Hypothesis Testing: Two Proportions (aka Difference of Proportions)


Introduction

Two Proportions hypothesis tests are used when... 

  • You are comparing two different populations
  • You have TWO proportions from TWO INDEPENDENT random samples

For example, as a researcher, you might want to know if there is a difference in the proportion of males who use Facebook and the proportion of females who use Facebook. A quality control specialist might also want to know if there is a difference in the percentage of defective items produced by two different machines.
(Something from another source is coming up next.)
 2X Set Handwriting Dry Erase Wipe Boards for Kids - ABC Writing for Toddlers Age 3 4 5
A few symbols need to be defined before we dive in:

  • \(\hat{p_1}\) and \(\hat{p_2}\) refer to the sample proportions that you will use to disprove the null. 
  • \(\hat{p_c}\) refers to the combined proportion (formula down below ↓ )
  • \(\hat{q_c}\) refers to 1 minus the combined proportion, i.e. \(1 - \hat{p_c}\)
  • \(n_1\) and \(n_2\) refer to the sample sizes.

 

Example

A columnist claims that women are more safety-conscious than men when it comes to driving. A recent survey on use of seatbelts was done among a random sample of 150 men and 250 women. Based on the results, 105 men said they always wear seatbelts when driving and 186 women said the same. Using a 0.05 level of significance, do the results of the survey support the columnist’s claim?

 

Step 1: Name Test: 2-Proportions / Difference of Proportions

Step 2Define Test: 

The null hypothesis assumes that the proportions are equal  (\(H_0 : p_1 = p_2\))
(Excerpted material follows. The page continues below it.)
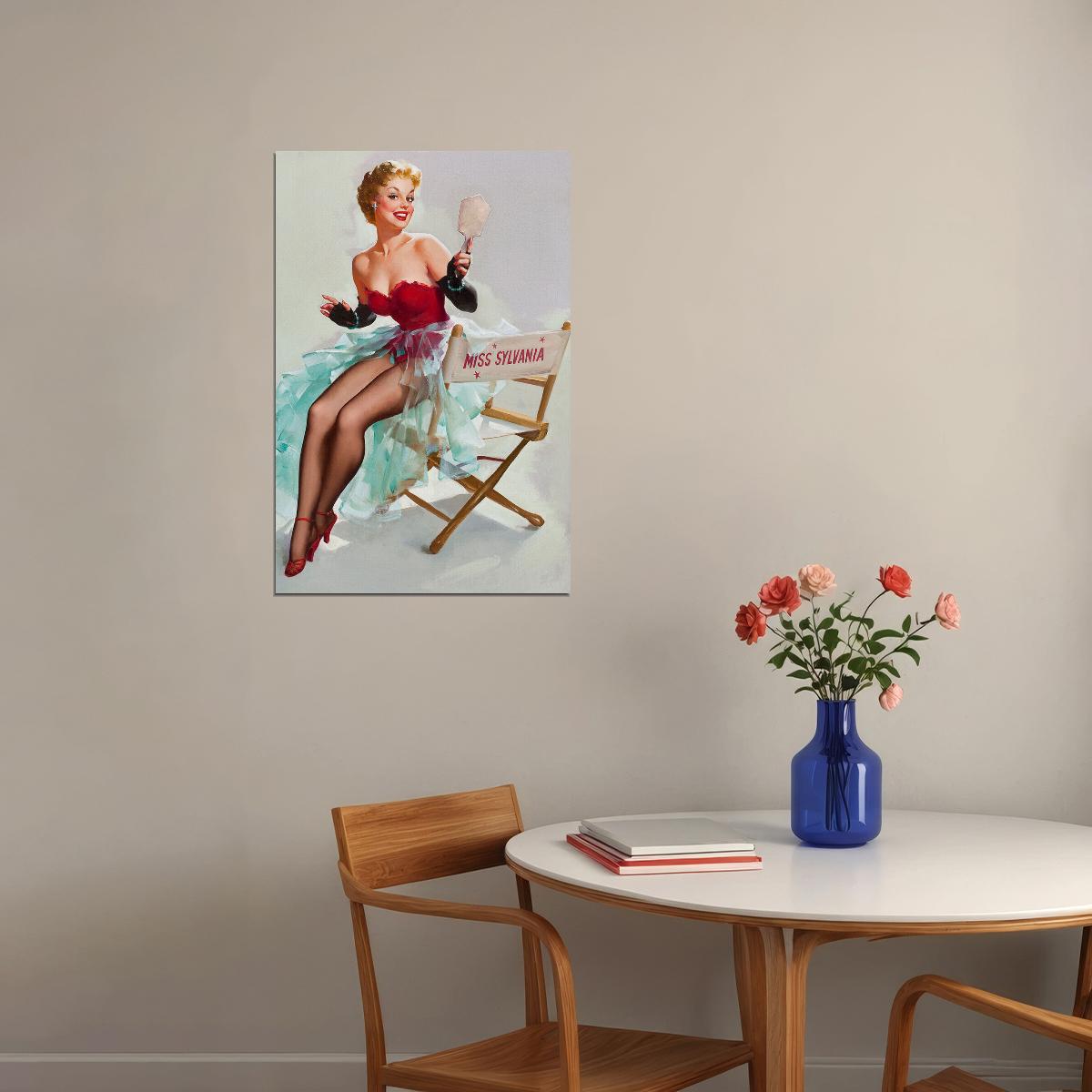 1950s Pin-up Actress Admiring Miss Sylvania Poster Wall Art Print Home Wall Decor - xonomax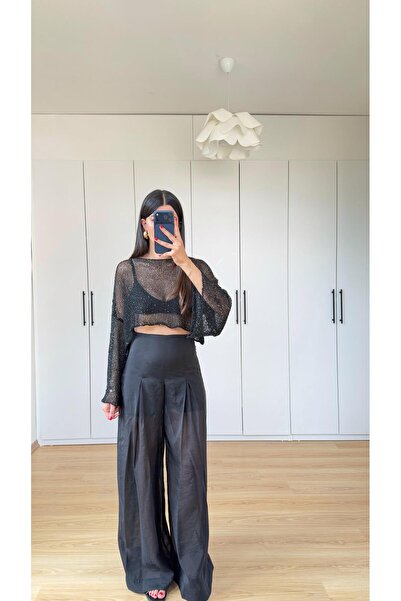GAUS CO Siyah ZR Model Şortlu Transparan Pantolon GAUS-01594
With this null hypothesis, the options for the alternative hypothesis are as follows: 

Left-Sided Test Two-Sided Test Right-Sided Test

\(H_0: p_1 = p_2\)

\(H_A: p_1 < p_2\)

\(H_0: p_1 = p_2\)

\(H_A: p_1 \neq p_2\)

\(H_0: p_1 = p_2\)

\(H_A: p_1 > p_2\)

 

In this case, let's call the proportion of men who wear seatbelts \(p_M\) and the proportion of women who wear seatbelts \(p_W\). If the alternative hypothesis is that women are more safety-conscious than men, then women should have a higher seatbelt usage and \(p_W > p_M\)

\(H_0 : p_W = p_M\)

\(H_A : p_W > p_M\)

 

Step 3: Assume \(H_0\) is true and define its normal distribution. Then check the conditions.

1. The data is drawn from TWO independent random samples.

2a.  From Sample 1: \(N_1 ≥ 10n_1\)

2b.  From Sample 2: \(N_2 ≥ 10n_2\)

3a.  From Sample 1: \(n_1 \hat{p_1} ≥ 10\) and \(n_1 \hat{q_1} ≥ 10\)

3b.  From Sample 2: \(n_2 \hat{p_2} ≥ 10\) and  \(n_2 \hat{q_2} ≥ 10\)

 

Step 4: Using the normal distribution, calculate the test statistics and p-value.

Although the full formula is  \(z = {( \hat{p_1} - \hat{p_2} ) - ( p_1 - p_2) \over \sqrt { {\hat{p_c}\hat{q_c} \over n_1} + {\hat{p_c}\hat{q_c} \over n_2} } }\) , it can be simplified. Recall that the null is \(H_0 : p_1 = p_2\). Thus, \(p_1 - p_2 = 0\) . This leaves us with the formula below:  

Test Statistic (Difference of 2 Proportions):  \(z = {( \hat{p_1} - \hat{p_2} ) \over \sqrt { {\hat{p_c}\hat{q_c} \over n_1} + {\hat{p_c}\hat{q_c} \over n_2} } }\)  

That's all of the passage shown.